** Opening Exercise input block **

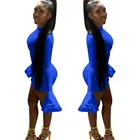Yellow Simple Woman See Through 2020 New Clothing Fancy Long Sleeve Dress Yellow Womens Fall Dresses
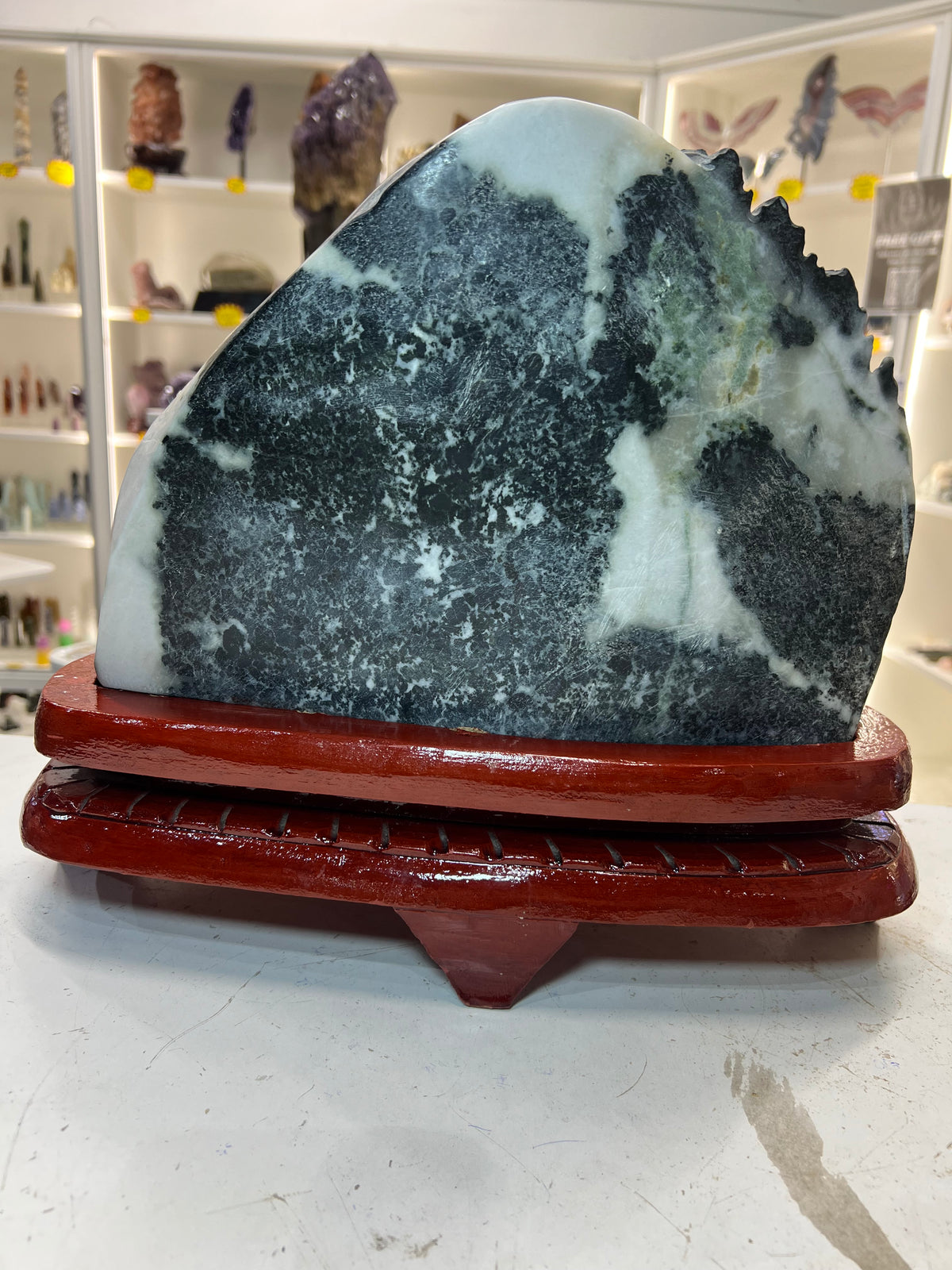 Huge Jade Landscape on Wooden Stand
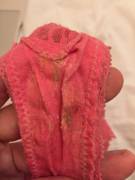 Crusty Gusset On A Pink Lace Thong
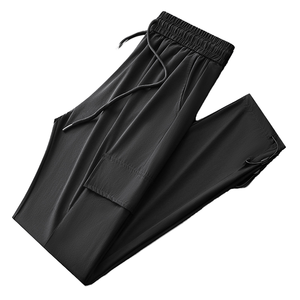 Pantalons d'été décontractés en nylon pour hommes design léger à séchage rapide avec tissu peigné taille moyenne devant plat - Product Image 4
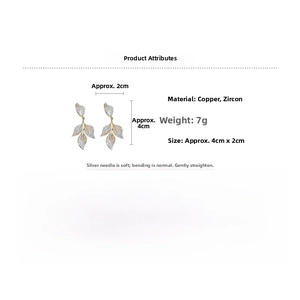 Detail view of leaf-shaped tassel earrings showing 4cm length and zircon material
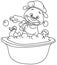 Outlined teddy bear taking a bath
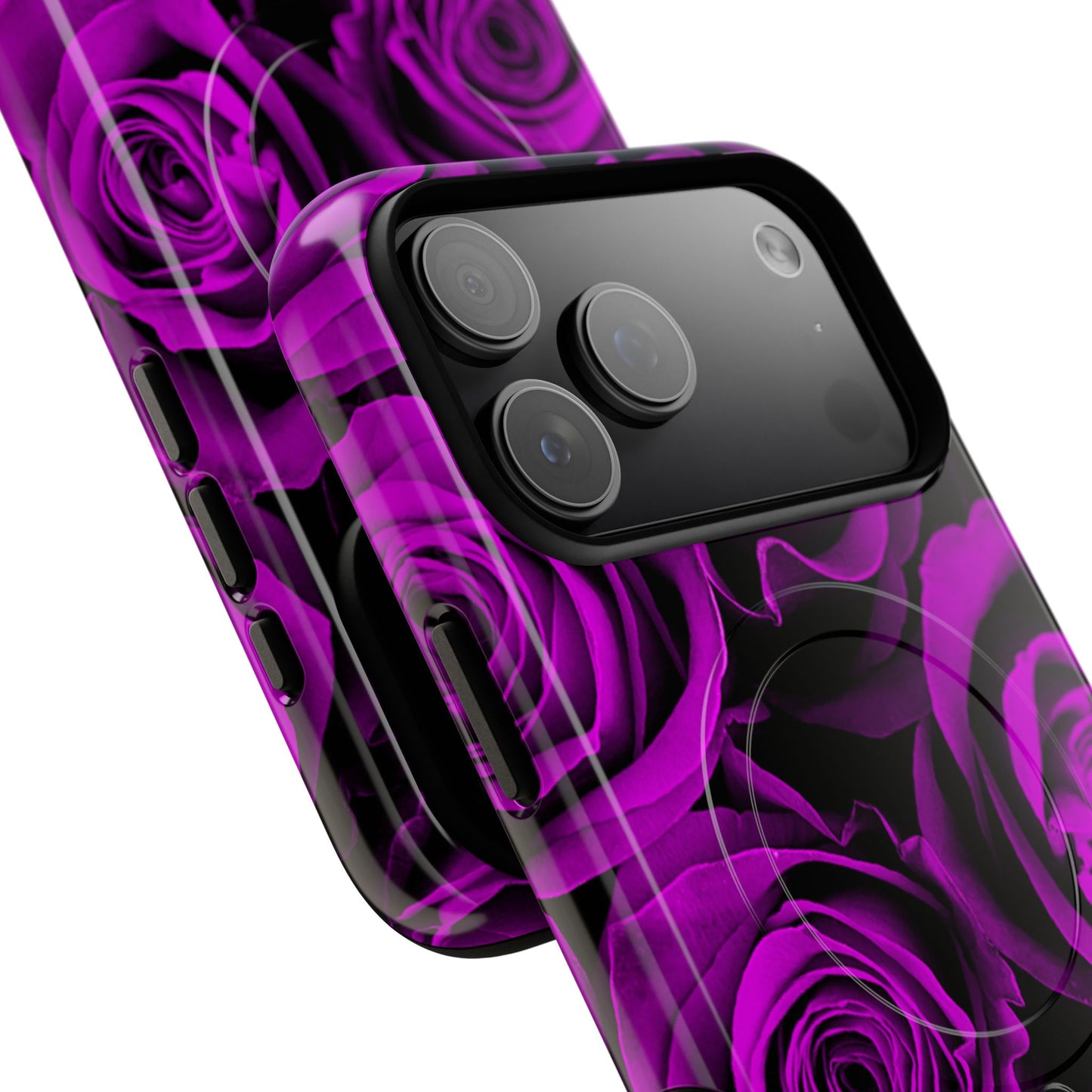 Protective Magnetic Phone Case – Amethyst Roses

** Closing Exercise input block **
** Opening Exercise input block **

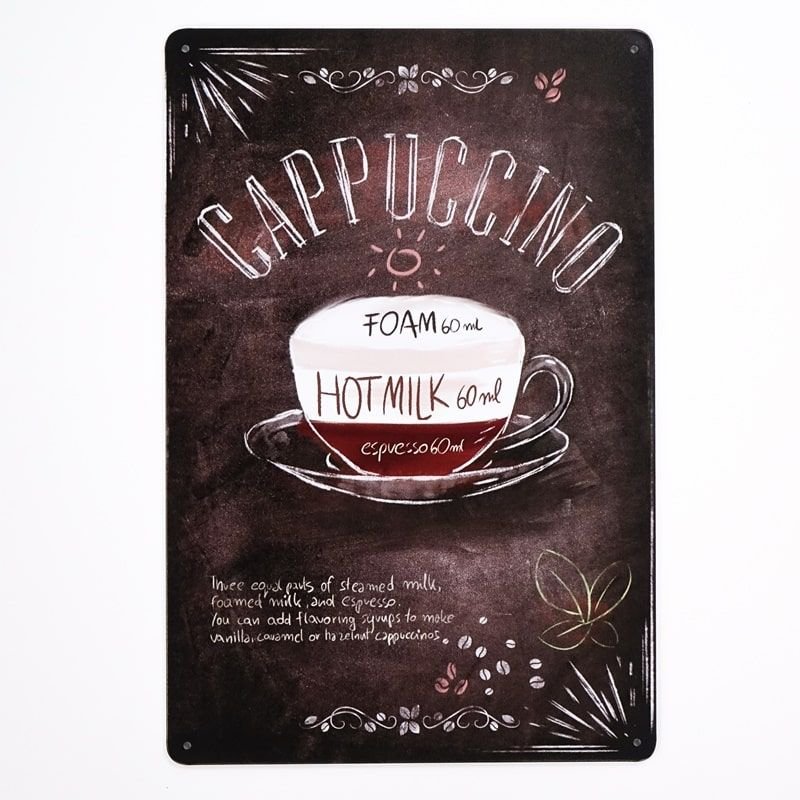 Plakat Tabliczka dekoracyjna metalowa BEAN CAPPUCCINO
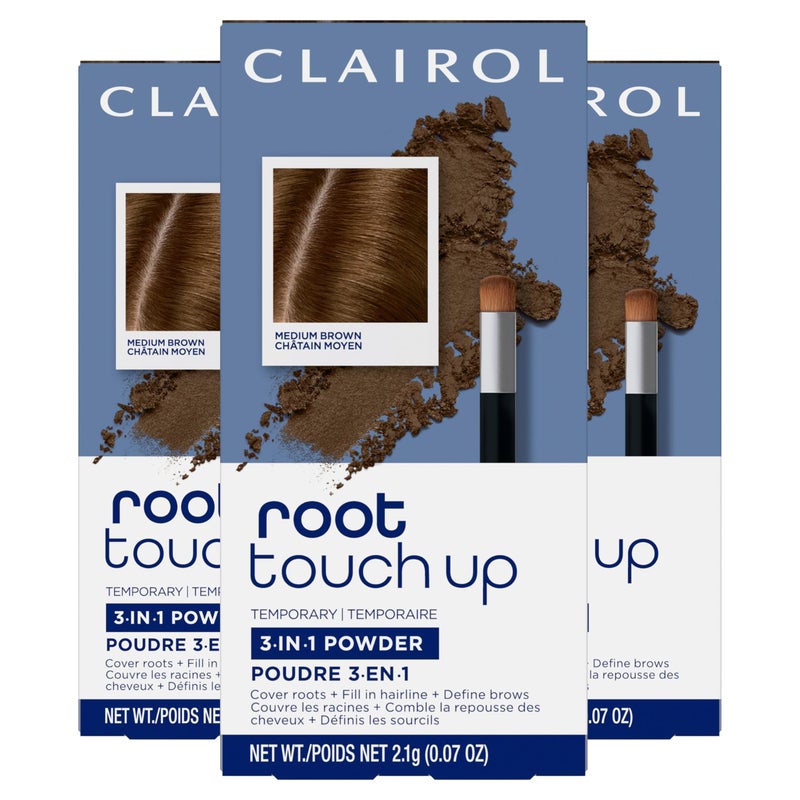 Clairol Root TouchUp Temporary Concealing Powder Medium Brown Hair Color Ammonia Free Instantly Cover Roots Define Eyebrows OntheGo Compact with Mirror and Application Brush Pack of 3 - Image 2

** Closing Exercise input block **
** Opening Exercise input block **

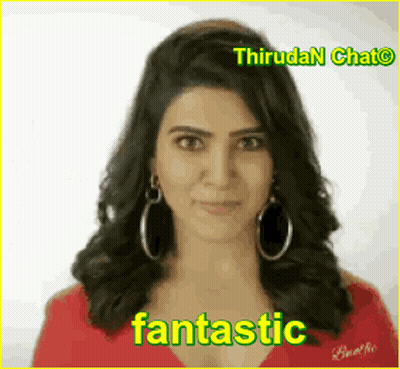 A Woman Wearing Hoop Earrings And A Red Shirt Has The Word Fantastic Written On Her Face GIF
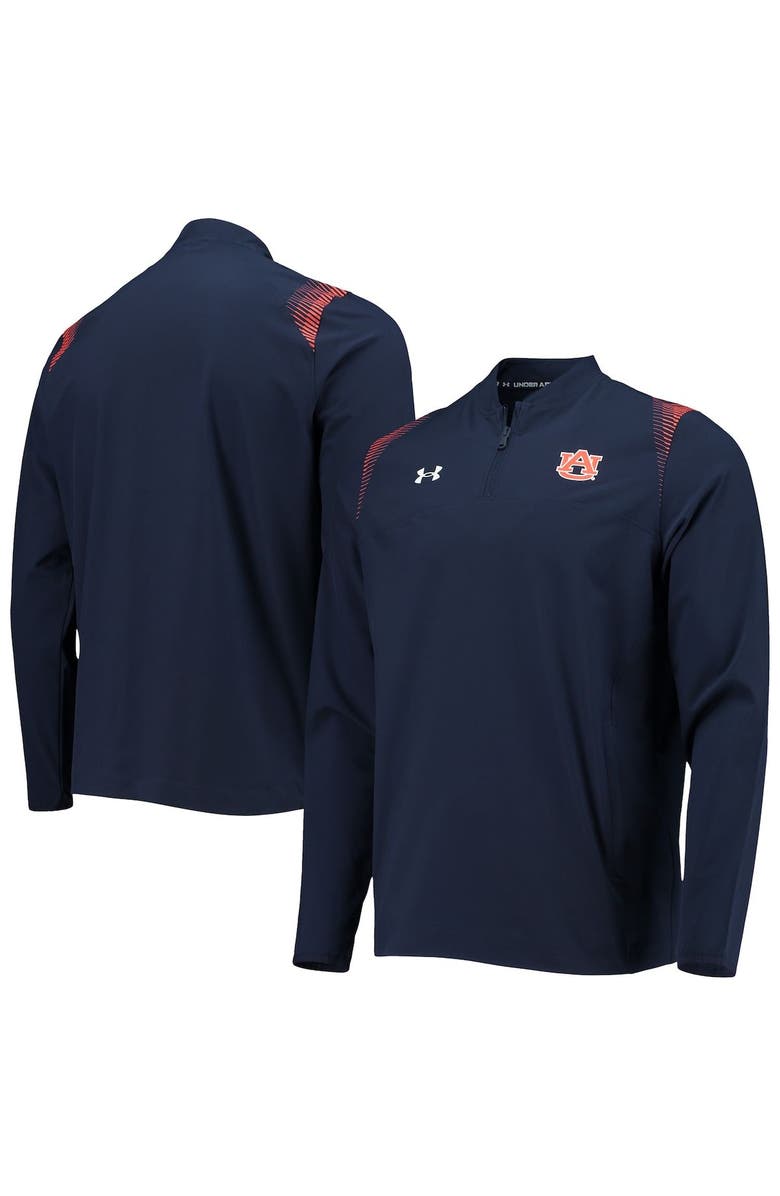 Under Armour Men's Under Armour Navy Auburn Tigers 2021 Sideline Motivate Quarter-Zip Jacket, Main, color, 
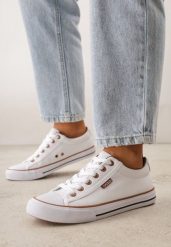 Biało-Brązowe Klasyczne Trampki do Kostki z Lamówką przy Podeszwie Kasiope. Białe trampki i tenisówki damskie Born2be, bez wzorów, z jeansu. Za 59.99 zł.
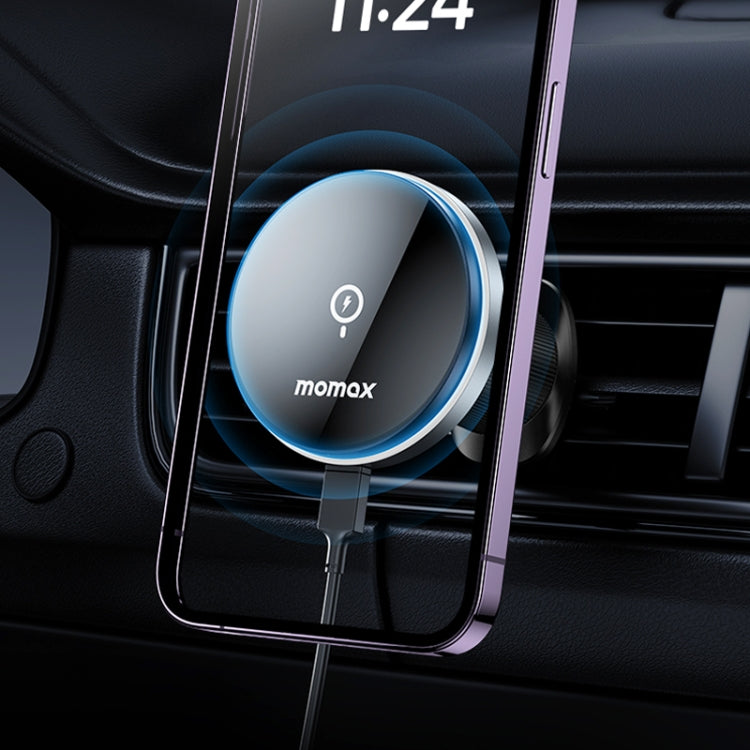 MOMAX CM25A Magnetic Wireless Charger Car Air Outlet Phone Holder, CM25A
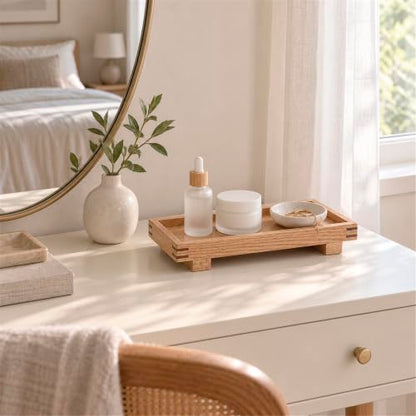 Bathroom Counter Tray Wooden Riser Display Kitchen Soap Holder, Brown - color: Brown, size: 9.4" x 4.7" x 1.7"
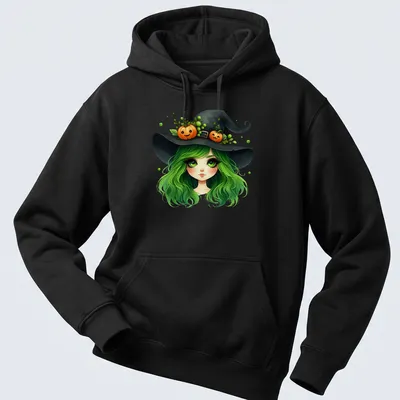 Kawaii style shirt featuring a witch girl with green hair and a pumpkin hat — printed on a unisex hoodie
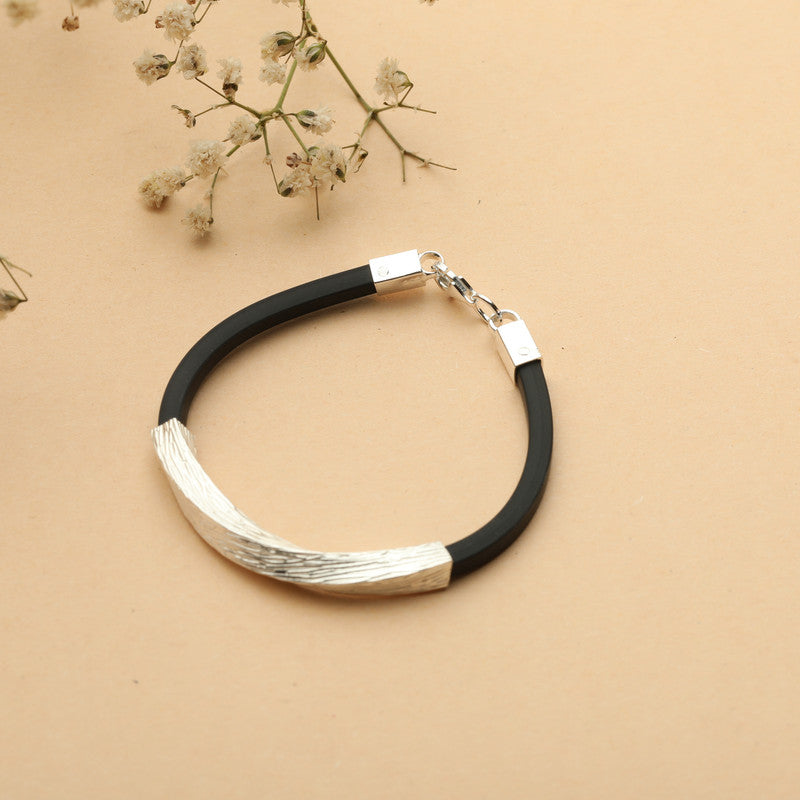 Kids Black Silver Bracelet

** Closing Exercise input block **

Exercise
Using the data above, give again exactly the lines starting at the one holding "Crusty Gusset On A Pink Lace Thong" and ending at the one holding "Detail view of", inclusive, and nothing more. Omit the pictures.

Task response
 Crusty Gusset On A Pink Lace Thong
 Pantalons d'été décontractés en nylon pour hommes design léger à séchage rapide avec tissu peigné taille moyenne devant plat - Product Image 4
 Detail view of leaf-shaped tassel earrings showing 4cm length and zircon material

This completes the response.